Cherry blossoms prompt full-blown scandal for Japan's PM

TOKYO: It might be the most Japanese of political scandals: A furore over Prime Minister Shinzo Abe's guest list at a party to mark the annual cherry blossom season.

As scandals go, it has plenty of juicy elements - alleged mafia guests, disappearing evidence, even gaffes by Abe, who appeared to lay blame for shredded documents on a disabled worker.

It's the latest headache for Japan's longest-serving premier, who has already weathered two cronyism scandals in recent years and has faced an almost daily drubbing by opposition lawmakers since the scandal emerged in early November.

The outcry involves a tradition that dates back to 1952 - a publicly funded cherry blossom party intended to honour the great and the good for their achievements.

The seemingly innocuous gathering become a lightning rod for criticism after claims Abe stacked the guest list with about 850 supporters from his local constituency - with the party costing 55 million yen (US$504,000) in public money.

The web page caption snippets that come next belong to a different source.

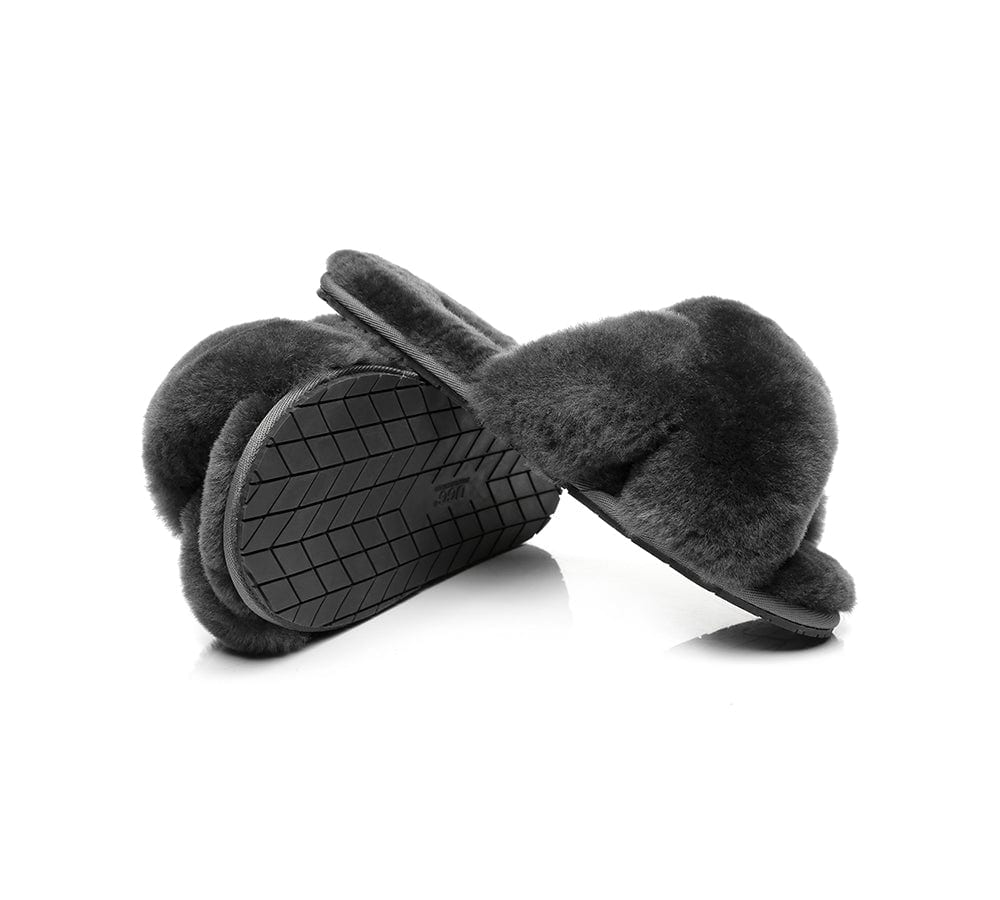 AUSTRALIAN SHEPHERD? UGG Women Crossover Fluffy Slides Linty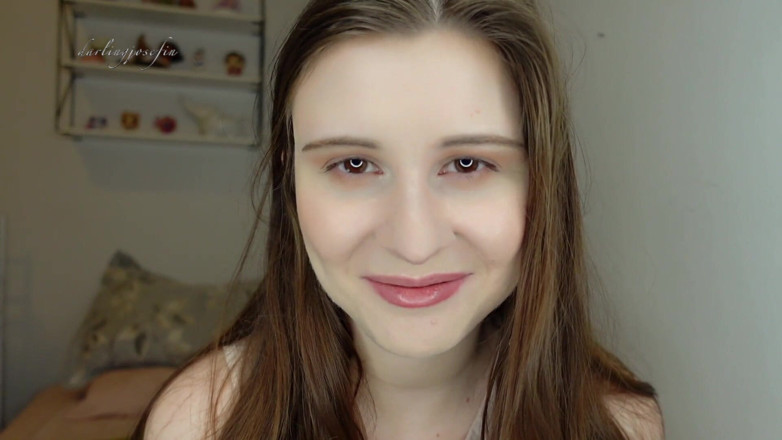 Darling Josefin: Sem maquiagem masturbando, encorajamento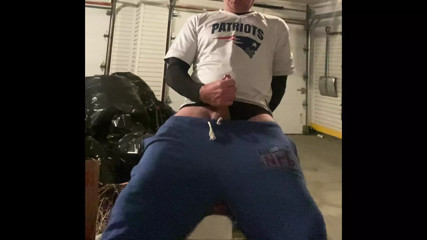 DILF JockDad87 shoots a load in the garage
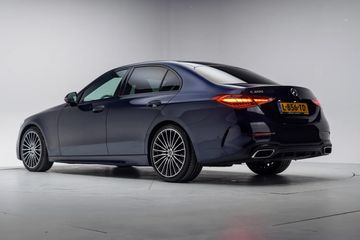 Voertuigafbeelding 2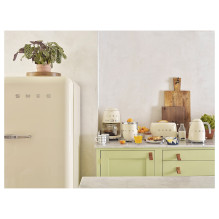 Smeg TSF03CREU toaster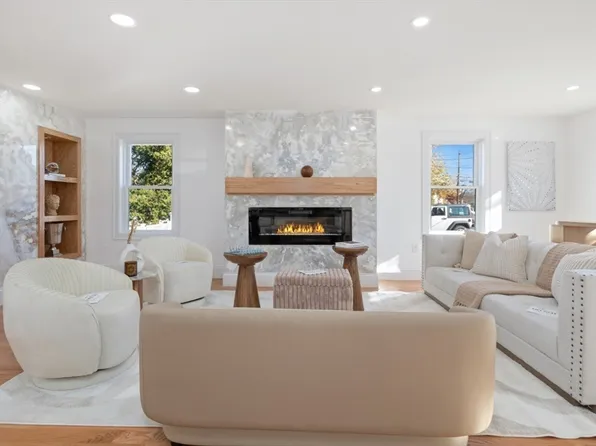 9 Nyack St, Watertown, MA 02472
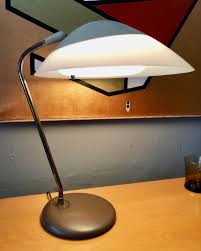 Gerald thurston table lamp, circa 1955 back to catalog. Vintage Gerald Thurston For Lightolier Saucer Table Lamp Circa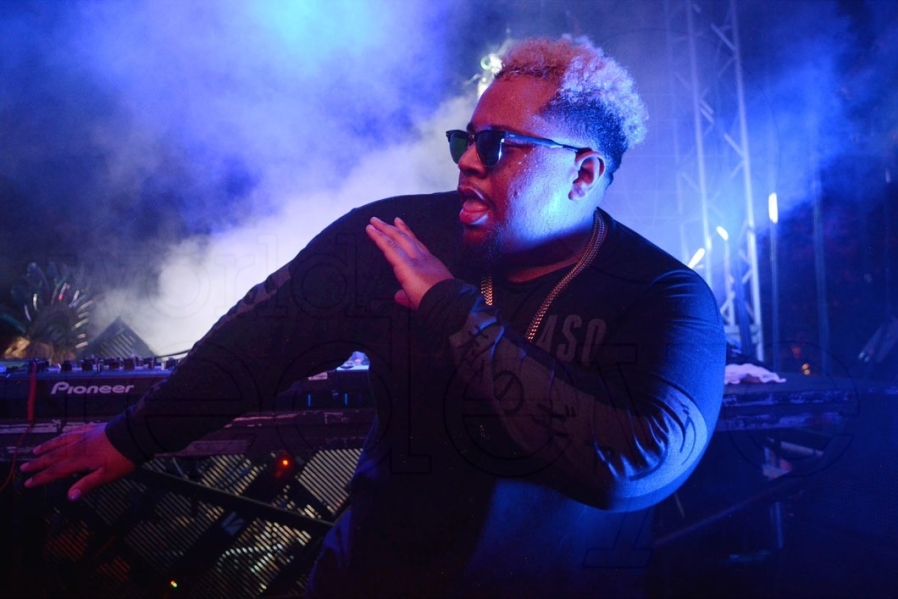 16-DJ Carnage43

When the opposition smelled blood, additional allegations piled in: The chairman of a disgraced company was once a guest, a member of one of Japan's infamous yakuza mafia attended in 2019.

The opposition bloc demanded the guest list for this year's event be produced, only to be told it had been shredded on the very same day the request was made.

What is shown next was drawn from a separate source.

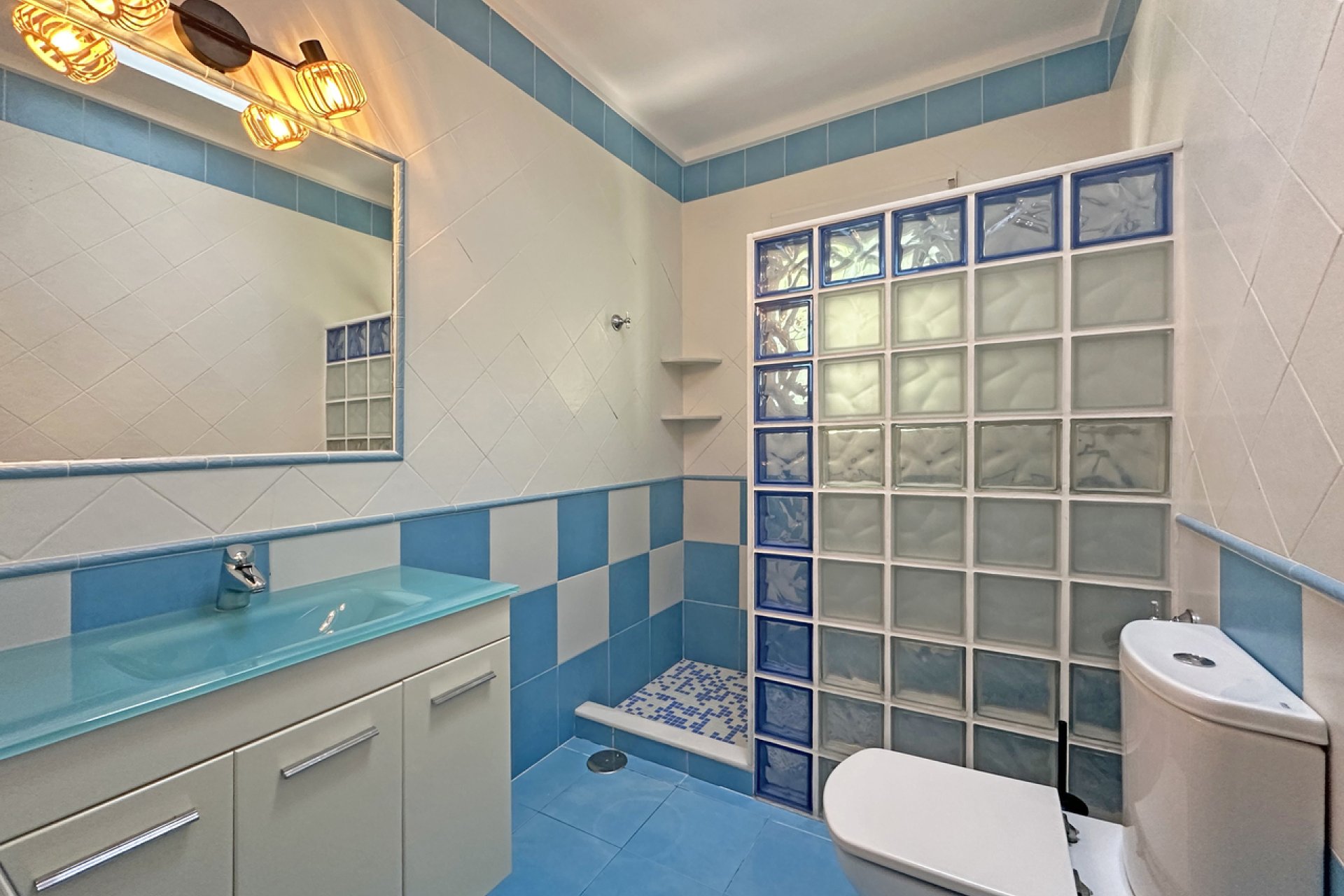 Használt Ingatlanok - Villa -
Jalón - Inland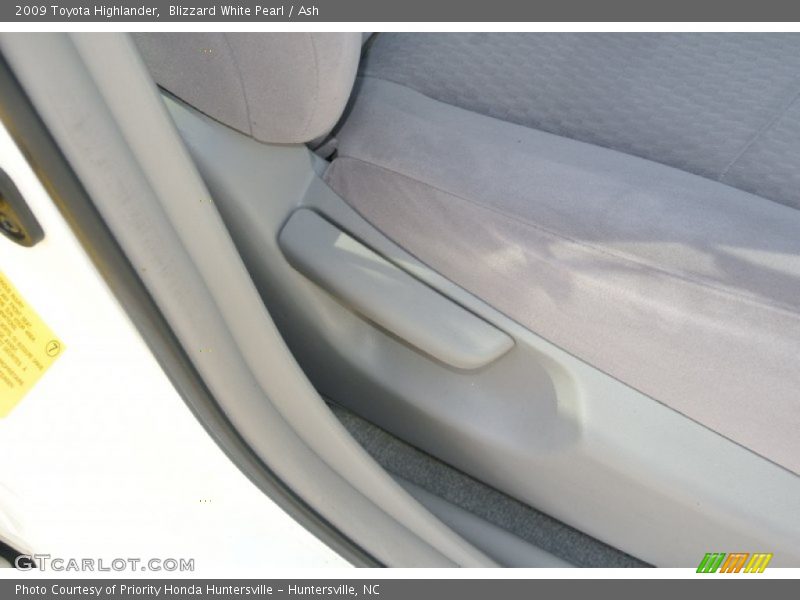 Blizzard White Pearl / Ash 2009 Toyota Highlander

Just a coincidence, Abe insisted to outraged opposition lawmakers: The documents were shredded during "the work hours of a part-time employee with disabilities," he added, in remarks that many saw as an attempt to blame the worker.

"ABE CAN HOLD ON"

The scandal has seen public support for Abe's government drop six or seven points to around 50 per cent or lower, but experts said Abe is likely to weather the storm.

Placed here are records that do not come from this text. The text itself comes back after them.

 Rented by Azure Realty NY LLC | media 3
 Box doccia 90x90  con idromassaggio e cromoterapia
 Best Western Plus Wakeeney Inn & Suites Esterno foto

"Voters are not convinced by the Abe administration's explanation of the scandal," Junichi Saito, a professor of politics at Tokyo's Waseda University, told AFP.

"But opinion polls will not likely fall by more than 10 percentage points because there is no other candidate for a prime minister."

Abe benefits from lingering disillusionment with the country's opposition, with voters still leery after the disastrous performance of the centre-left Democratic Party-led government in 2009-2012.

"I'm sceptical at this point that the opposition will win public support if it manages to dent Abe's with this scandal," Tobias Harris, senior vice president of consulting firm Teneo, told AFP.

"The worst case scenario for Abe is that (his ruling party) LDP supporters abandon him, which hasn't happened thus far, giving him a floor of around thirty percent (support)," he added.

"But even then, without a smoking gun I think Abe can hold on for a long time."

"BETTER THAN LYING"

Allegations have continued to emerge, including claims that Abe invited supporters to a dinner at a luxury hotel and let his political support group pick up part of the tab in violation of election law.

His government denies that, and a criminal investigation is viewed as extremely unlikely.

Still, Saito said, the allegations risk damaging public faith in the political system.

"This administration is trying to avert criticism" by withholding documents, and that "hurts a system (of accountability) that is necessary for democracy".

Next year's cherry blossom party has been cancelled, with Abe promising to "reflect on" how the gathering has been organised.

That is likely to be enough to tide him over, Junichi Takase, professor of politics at Nagoya University of Foreign Studies, told AFP.

"The opposition bloc has nothing else in their arsenal except attacking Mr Abe for this kind of scandal," he said.

"Mr Abe is good at handling crises. He admitted there was something wrong, apologised, and wants to move on - that's better than lying."